本発明は、1の態様において、イミュノグロブリン結合能を有するペプチドであって、
(a)配列番号1〜7のいずれかのアミノ酸配列を有するペプチド、
(b)配列番号1〜7のいずれかのアミノ酸配列において、1または数個のアミノ酸が欠失、置換若しくは付加されたアミノ酸配列を有するペプチド、および
(c)配列番号1〜7のいずれかのアミノ酸配列と66.7%以上の相同性を有するアミノ酸配列を有するペプチド、からなる群より選択されるペプチドに関するものである。本発明のペプチドは、Protein AおよびProtein Gと比較して、イミュノグロブリンとの結合能が弱く、そのため、例えば、本発明のペプチドと結合したイミュノグロブリンをマイルドな条件下で解離することなどが可能となる。また、本発明のペプチドと結合したイミュノグロブリン自体の変性も低減される。結合能は、当該技術分野において既知の方法により調べることができる。例えば、ペプチドをイミュノグロブリン存在下でインキュベートし、結合するかどうかを直接調べてもよい。
本発明のペプチドは、イミュノグロブリン結合能を有するものである。かかるペプチドは、配列番号1〜7のいずれかのアミノ酸配列を有するペプチド、配列番号1〜7のいずれかのアミノ酸配列において、1個以上、好ましくは、1または数個、例えば、2、3、4、5、6、7、8、9、10、11、12、13、または14個のアミノ酸が欠失、置換若しくは付加されたアミノ酸配列を有するペプチド(変異ペプチド)、および配列番号1〜7のいずれかのアミノ酸配列と例えば、26.6%以上または44.4%以上、好ましくは、少なくとも50%以上、より好ましくは、例えば、60、66.7、70、75、80、83.3、85、90、93%以上の相同性を有するアミノ酸配列を有するペプチドである。アミノ酸配列の相同性は、例えば、FASTA、BLAST、DNASIS(日立ソフトウェアエンジニアリング(株)製)、GENETYX((株)ジェネティクス製)を用いて測定することができる。あるいは、短鎖ペプチドの場合は単純に配列を比較し、計算することもできる。さらに、これらのアミノ酸のいずれかが適宜修飾されたものであってもよい。いずれのアミノ酸配列を有する場合であっても、本発明のペプチドはイミュノグロブリン結合能を有するものである。
本発明のペプチドは、上記アミノ酸配列を有するものであればいずれのものであってもよい。例えば、本発明のペプチドは、配列番号1〜7のいずれかに示すアミノ酸配列からなるペプチドそのものであってもよく、上記アミノ酸配列またはその相同配列をコア配列として含み、かつかかるアミノ酸配列のN末端および/またはC末端に、ペプチドまたはアミノ酸、それらのアナログ、ポリエチレングリコール、糖、多糖、ヌクレオチドなどの種々の物質の結合したものであってもよい。N/C末端にアミノ酸またはペプチドを介して、蛍光標識、ビオチン、ストレプトアビジン、ジコキシゲニン(DIG)、磁気ビーズ、ラテックスビーズ、金コロイドなどの物質が結合していてもよい。例えば、ペプチドが結合する場合、かかるペプチドは、1個〜50個、例えば、1〜20個、1〜15個、1〜9個のアミノ酸からなるものであってもよい。また、かかるペプチドが、ヒスチジンタグ、GSTタグ、Sタグ、Mycタグ、HAタグ、またはEタグとしての機能などの機能を有するものであってもよい。

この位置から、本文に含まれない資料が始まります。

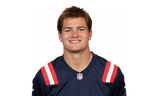 A headshot of Drake Maye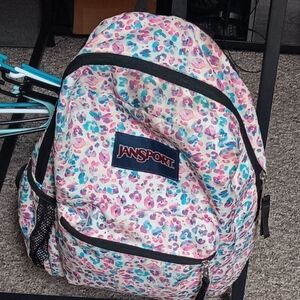 Leopard jansport backpack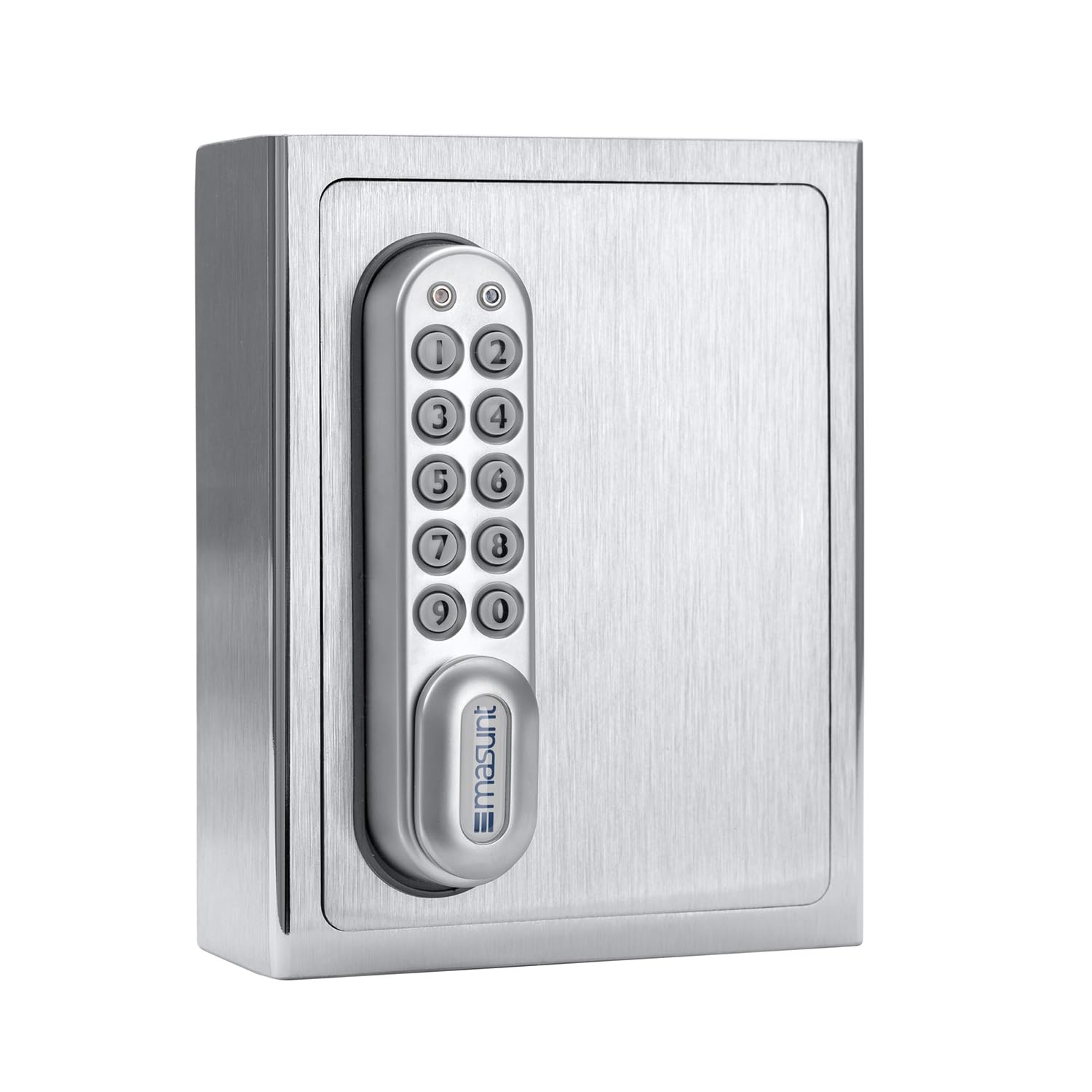 masunt cassaforte per chiavi 1120 E Code | Innovativa assegnazione online del codice a distanza | cassaforte elettronica per chiavi in acciaio inox V2A massiccio | antieffrazione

本発明のペプチドは、当業者に既知の種々の方法により製造および取得することができる。例えば、本発明のペプチドをコードするヌクレオチド配列に基づき、遺伝子工学的に製造してもよい。本発明のペプチドは、上述の通りイミュノグロブリン結合能を有するので、かかるペプチドを用いてイミュノグロブリンを結合させ、イミュノグロブリンの存在または量を決定すること、イミュノグロブリンを単離することなどが可能である。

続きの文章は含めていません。